Я выхватил нож и пронзил бы себе сердце, но рука почему-то скользнула вверх, так что удар пришелся в шею, и лезвие, наткнувшись на крестообразную отметину, как стеклянное, разлетелось мелкими осколками, даже не поцарапав меня. Заплечных дел мастера схватили меня и ввергли в подземный сводчатый склеп. Доминиканец, следователь и другие судьи направились туда же. Следователь еще раз призвал меня повиниться. Я еще раз попытался, но моя бредовая речь не совпадала с моей мыслью. Про себя я каялся, совершенно подавленный стыдом, и не таил ничего, а из уст моих вырывалось что-то плоское, невнятное, несуразное. Доминиканец сделал знак, и с меня сорвали одежду, скрутили руки за спиной; повисая в воздухе, я почувствовал, как трещат мои суставы, готовые раздробиться. Неистовая, невыносимая боль исторгла из меня крик и разбудила меня. Руки и ноги по-прежнему болели от тяжелых оков, но, кроме того, мучительное давление извне не давало открыть глаз. Наконец убрали с моего лба непонятную тяжесть, я вскочил и увидел: прямо подле моего соломенного одра стоит монах-доминиканец. Сновидение вторглось в явь, ледяной холод заструился по моим жилам. Недвижный, как изваяние, скрестив руки, высился передо мной монах, вперяя в меня свои впалые черные очи. Я распознал зловещего живописца и, теряя сознание, поник на солому. Может быть, мои чувства, взбудораженные сном, вызвали галлюцинацию? Я взял себя в руки, я снова рванулся с моей соломы, но по-прежнему недвижимо стоял монах, уставившись в меня своими впалыми черными глазами. Тогда я завопил, обезумев от отчаянья:
― Ужасный человек! Сгинь же, сгинь! Прочь! Нет, разве ты человек, ты сам дьявол, влекущий меня в бездну вечной погибели… Сгинь, супостат, убирайся!

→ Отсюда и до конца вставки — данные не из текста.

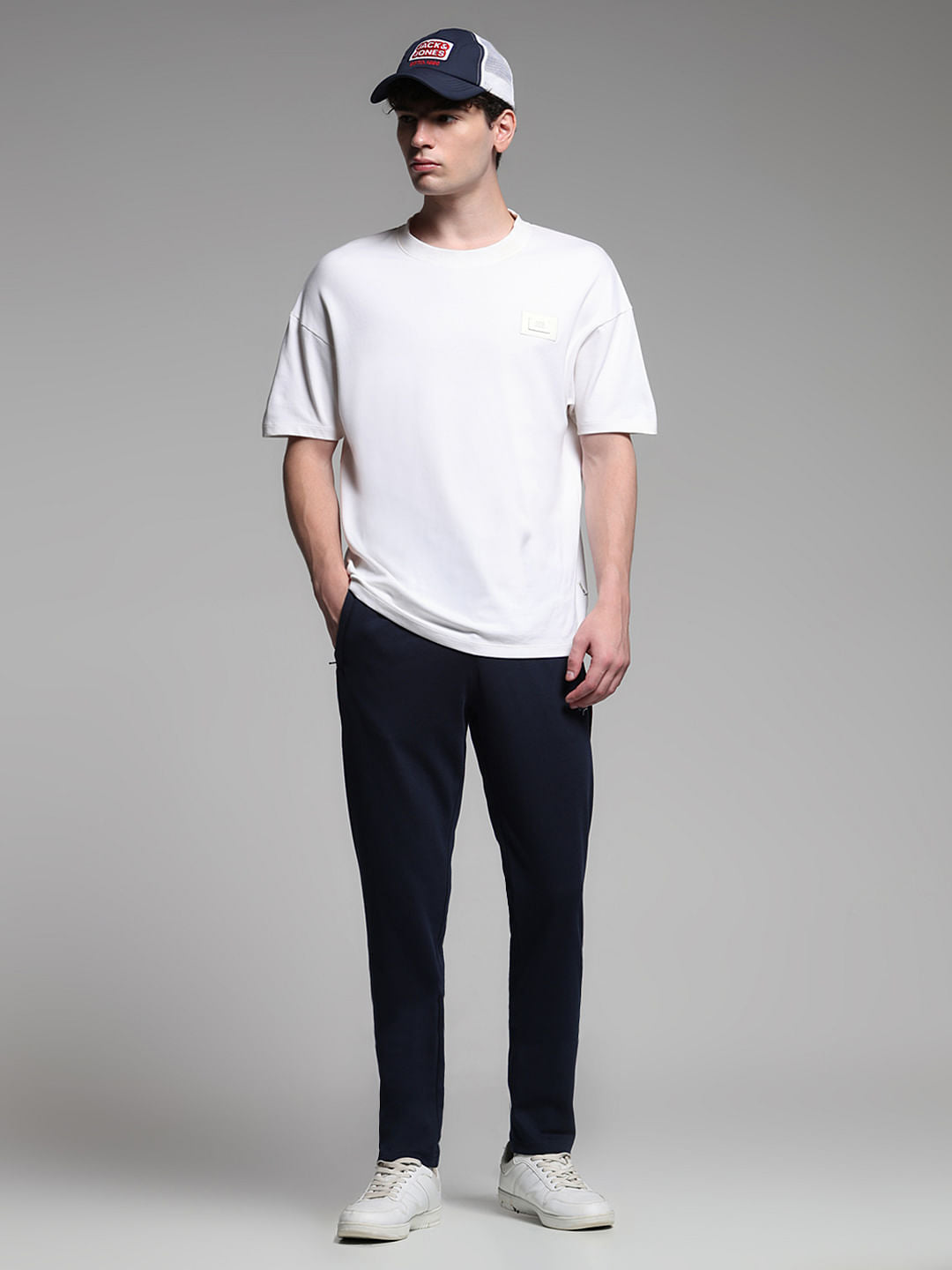 DARK BLUE LOGO PRINT TRACKPANT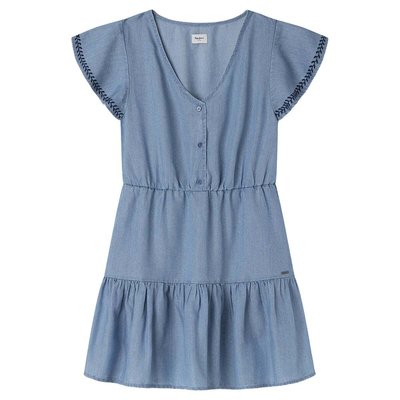 Robe Courte À Col En V En Denim PEPE JEANS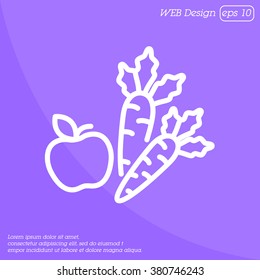 Web line icon. Apple and carrot, healthy eating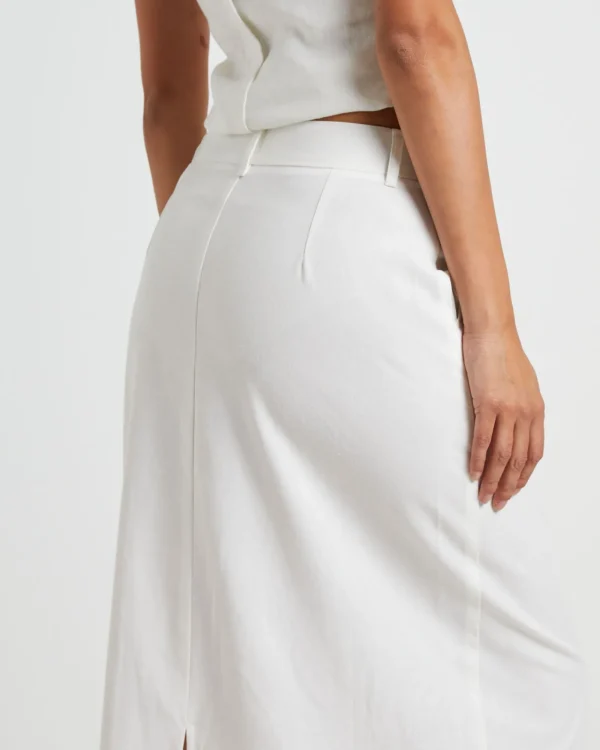 Outlet SUBTITLED Jinta Tailored Linen Maxi Skirt In White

― Несчастный подслеповатый дурачок, разве я тот, кто норовит наложить на тебя вечные железные оковы ― отвлечь тебя от святого твоего призвания, возложенного на тебя вечным Промыслом!.. Медардус!.. Жалкий, подслеповатый дурачок! Я всегда являлся тебе устрашающим, ужасающим образом, когда ты в шаловливом любопытстве наклонялся над ямой вечного проклятия. Я удерживал тебя, а тебе и невдомек! Поднимись же, не бойся меня!
Монах не просто говорил, а как бы причитал, надрывая душу глубокой глухой жалобой; его взор, так страшивший меня дотоле, смягчился и потеплел, даже лик его утратил свой жесткий чекан. Неописуемое томление пронизало меня изнутри; глашатаем вечного Промысла, утешителем, возносящим меня из беспросветной бездны отчаянья, предстал теперь передо мною живописец, мой прежний неумолимый гонитель.

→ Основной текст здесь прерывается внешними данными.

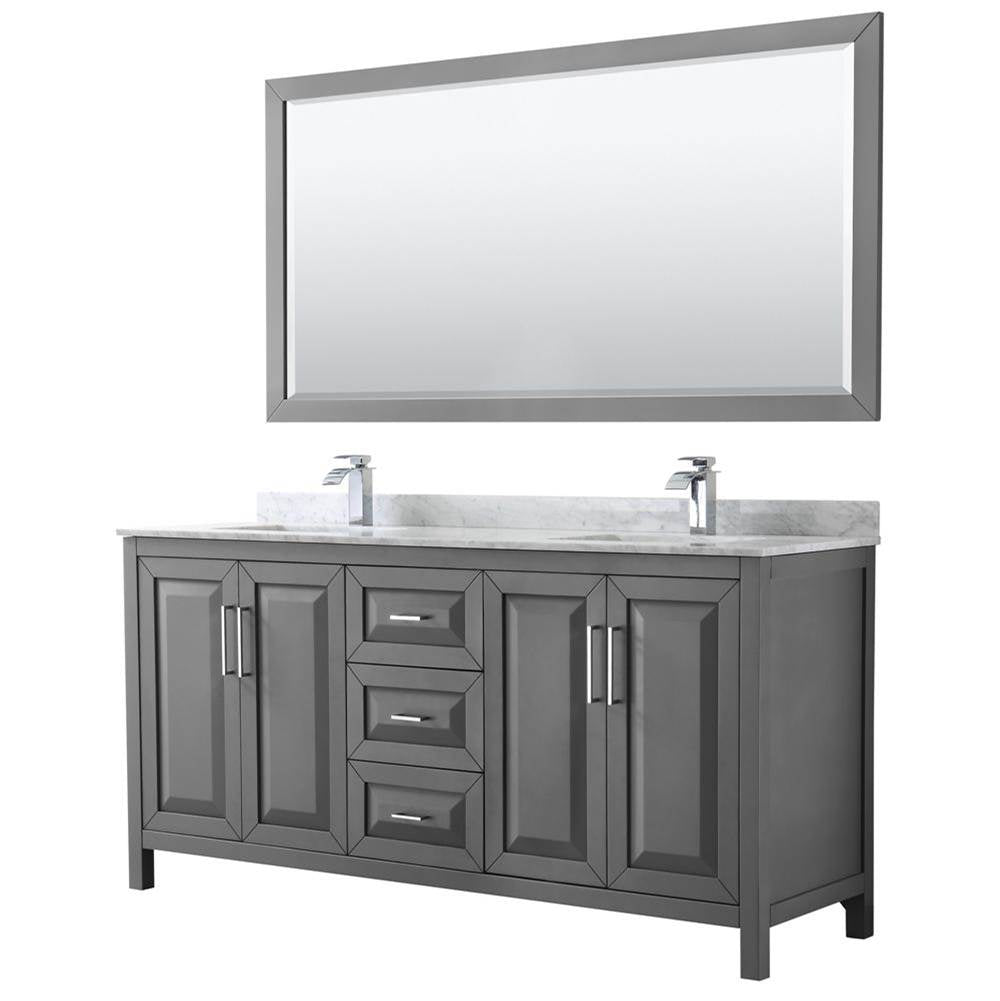 Wyndham Collection - Daria 72 Inch Double Bathroom Vanity in Dark Gray, White Carrara Marble Countertop, Undermount Square Sinks, and 70 Inch Mirror - Dark Gray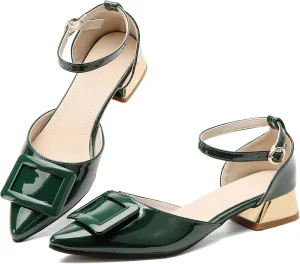 Women's Pumps Shoes Pointed Toe Low Heels Ankle Strap Closed Toe Wedding Party Dress Sandals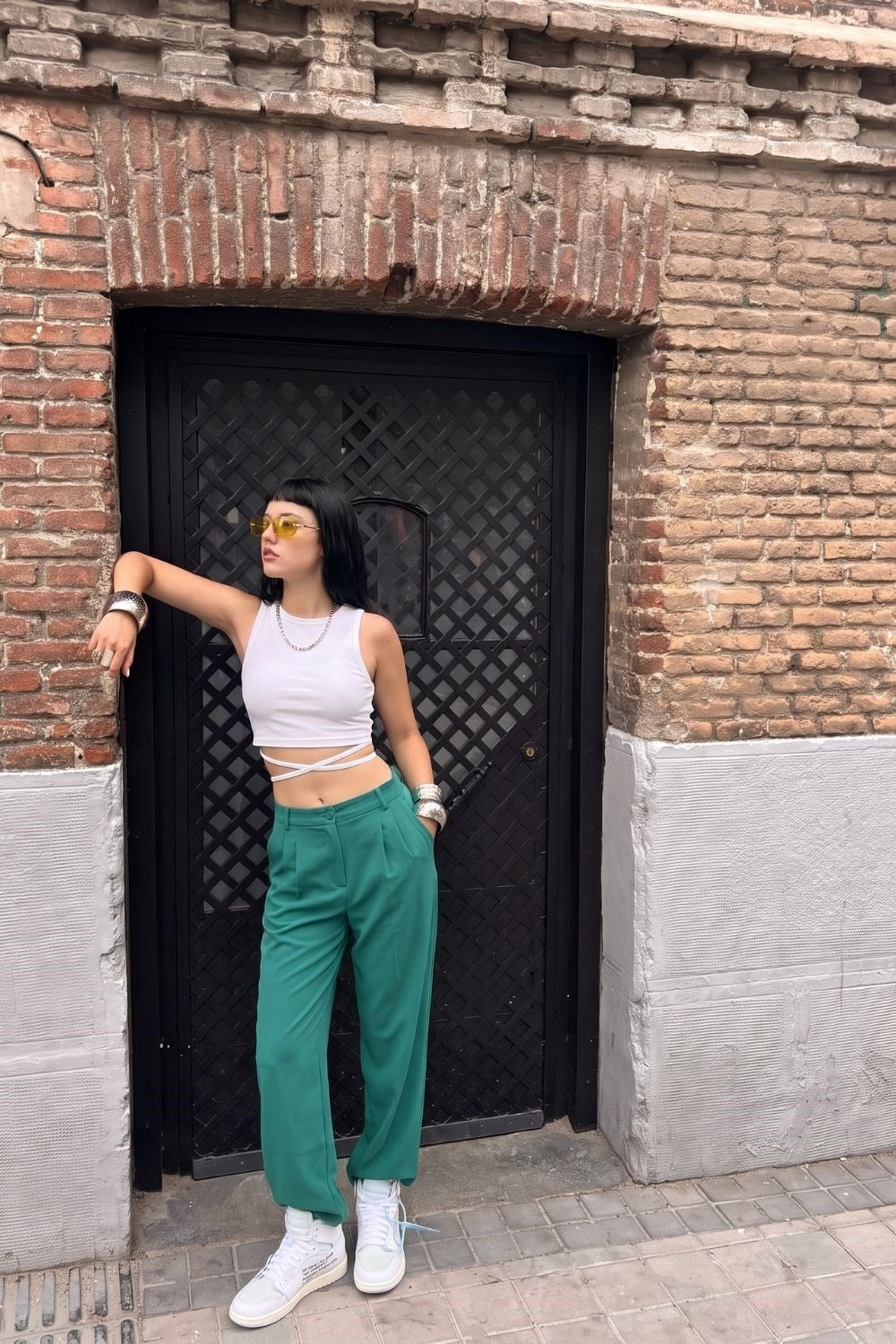 Kadın Palazzo Yeşil Pantolon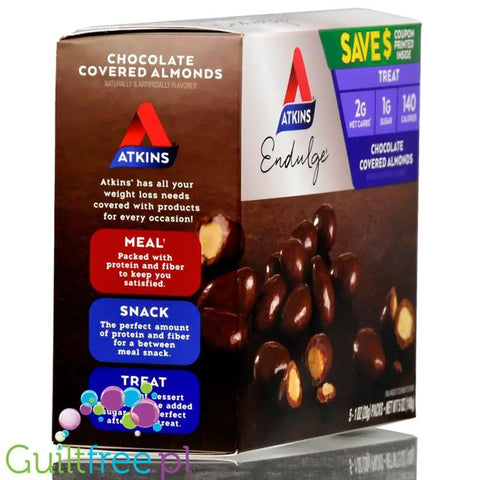 Atkins Endulge Chocolate Covered Almonds -migdały w czekoladzie bez cukru PUDEŁKO by Atkins (atkins-migdaly-w-czekoladzie-bez-cukru-pudelko)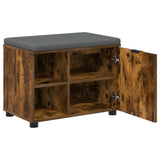 Hall Bench with Cushion with Shelf Smoked Oak 60 x 38 x 46 cm 891500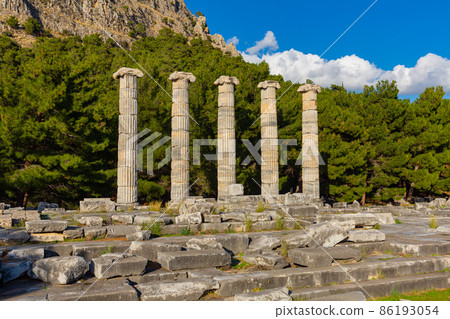 Ruins of Temple of Athena in ancient Greek city of Priene, Turkey 86193054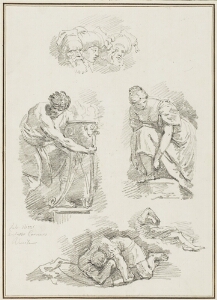 Study After Giovanni Battista Tiepolo: Four Heads (from the Meeting of Anthony and Cleopatra, Palazzo Labia); Study After Sebastiano Ricci: Sheet of Three Figure Studies (unidentified works of Sebastiano Ricci)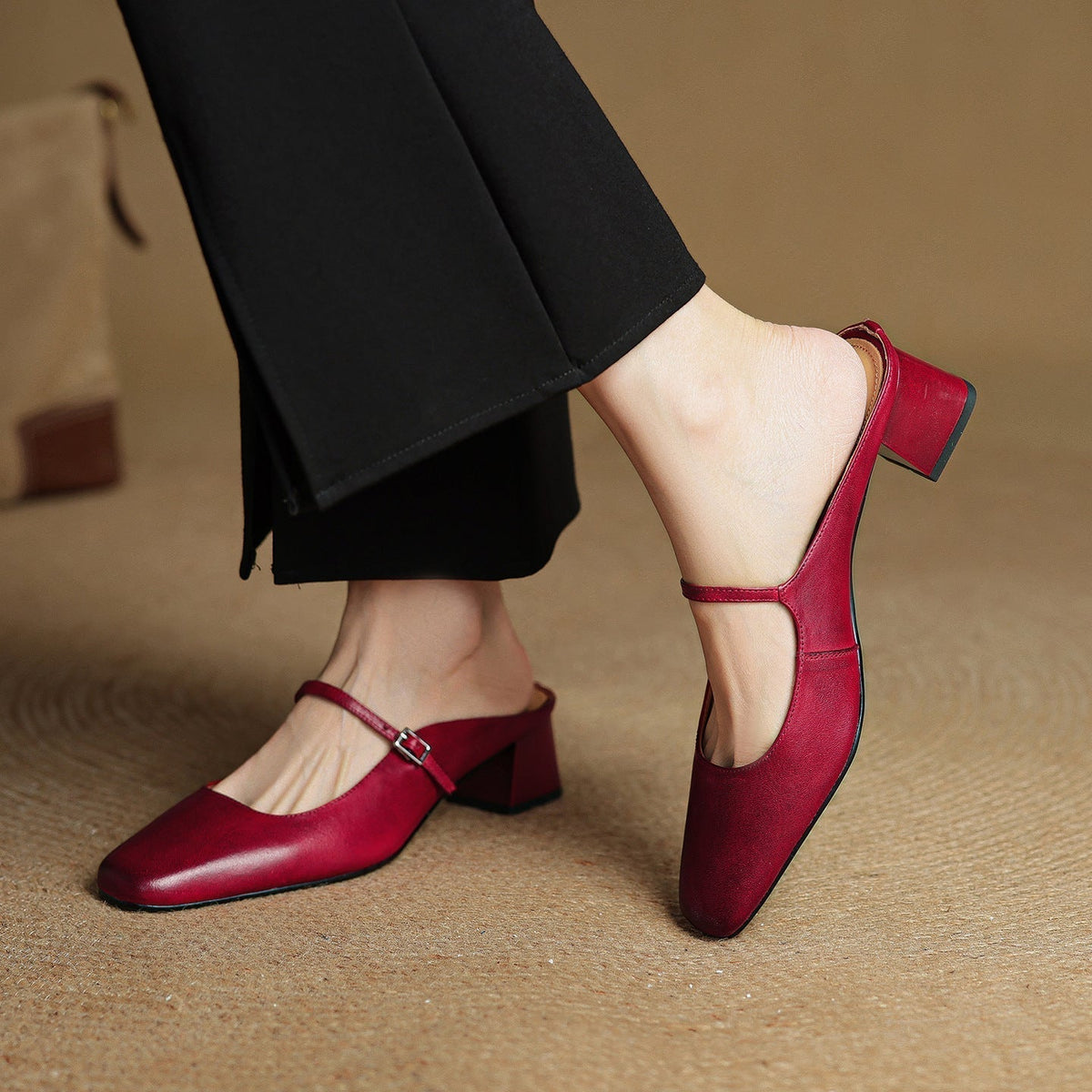 Square Toe Mary Jane Buckle Strap Block Heel Mules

Я встал с моей соломы, подступил к нему вплотную, нет, это не был фантом; и на ощупь его одежда оставалась одеждой. Я невольно опустился на колени; он коснулся моего темени, как бы благословляя меня. И во мне затеплились милые светлокрасочные картины.

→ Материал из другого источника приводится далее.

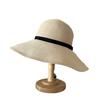 Japanese Style Folding Fine Braided Straw Hat Woman Fashion Wide Brim Vacation Sun Protection Beach Hat Accessories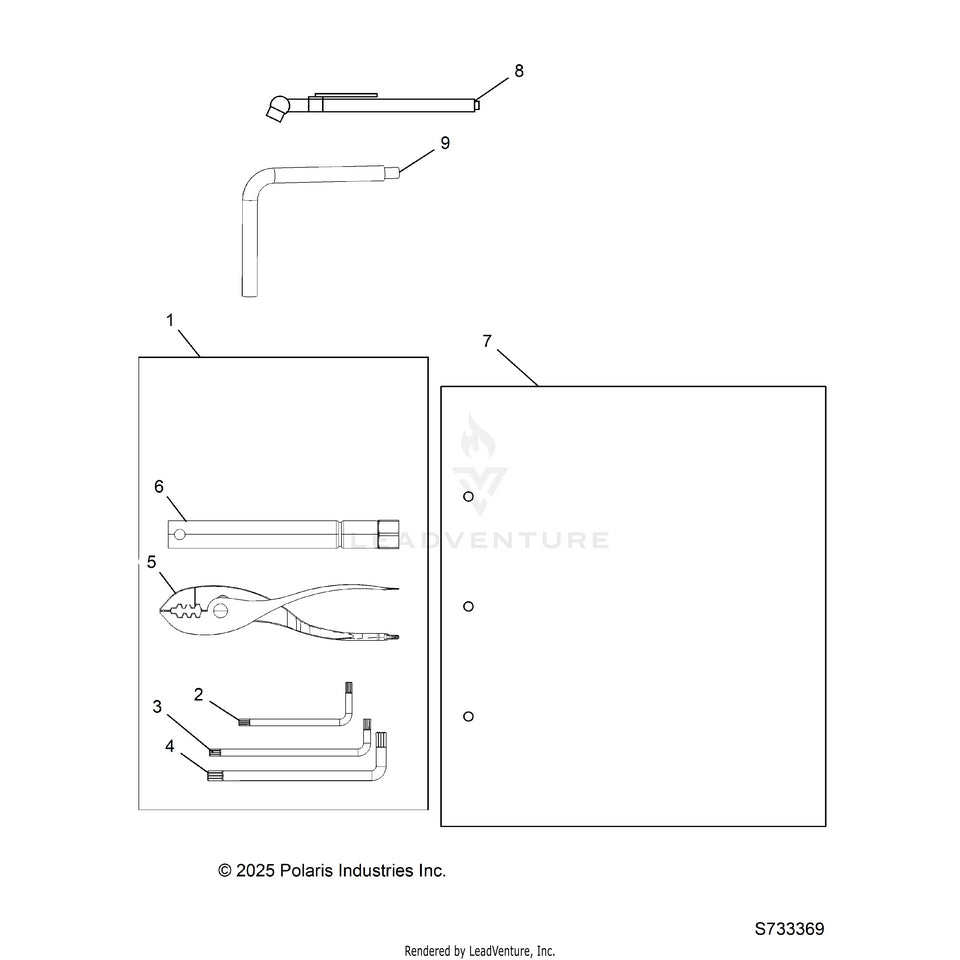 An Image of a Genuine Polaris Parts Schematic Diagram showing the schematic - REFERENCE: OWNERS MANUAL & TOOL KIT - 2026 POLARIS RANGER 500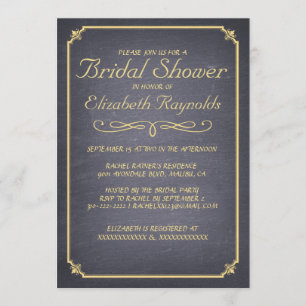 Chalkboard Black & Gold Bridal Shower Invitations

Ах, то был священный лес, да, то было место, где мне, младенцу, паломник, одетый не по-нашему, явил дивное дитя. Меня влекло дальше, в церковь, она тоже виднелась прямо передо мной. «Туда, туда, ― что-то говорило мне, ― исповедуйся, покайся, и твои тяжкие грехи отпустятся тебе». Но я был скован; я не узнавал, не ощущал себя самого. Тогда глухо рекла некая пустота:
― Задумано ― сделано!
Грез как не бывало, это были слова живописца.
― Так это был ты, непостижимый, тогда в то несчастное утро в монастырской церкви в Б.? в имперском городе? и ныне здесь?